The much-hyped Higher Education Act, which envisions better organising the existing universities and setting criteria for newcomers, was expected to get a nod first. But it has been receiving cold responses from parties that want universities of their choice adopted before the Act. Once the law is enforced, establishing new universities will be tougher. Therefore, all the leaders and their supporters are desperate to get their bills through the legislature first, according to educationists.
According to Mana Prasad Wagle, who recently announced his resignation as a dean of Kathmandu University, political parties were trying only to appease their vote banks by setting up the universities, no matter whether they are needed or whether there are adequate physical and academic capabilities to sustain them. “Products of political interests, the new universities do not serve academic needs,” he said.

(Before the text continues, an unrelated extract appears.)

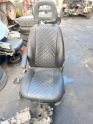 FİAT DUCATO KOLTUK TAKIMI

Tirtha Khaniya, former member of the National Planning Commission (NPC) and an educationist, said the new—three established last year and the newly proposed four—universities are not distributed geographically. As all of them will be in Tarai districts bordering India, their location can have negative impacts on ecology and demography in future. “As this will fuel migration to the Tarai, a conflict can erupt there,” he added, citing the example of Kirtipur, Kathmandu, where rapid migration of students from across the country has displaced local Newars.
A study undertaken by Khaniya while he was at the NPC shows that around two-thirds—64.48 percent—university students are from the hilly region, a factor why all of the institutions should not be concentrated in the southern plains.
Experts say infrastructure, sustenance, academic environment and location must be studied before deciding to open a university.
Prithvi Narayan Campus, Pokhara, has more than 14,000 students but attempts are being made to turn the Mahendra Multiple Campus, Nepalgunj, which does not attract many students, into a university. According to the University Grants Commission, around 380,000 students are enrolled in around 1,000 constituent and affiliated colleges of six universities.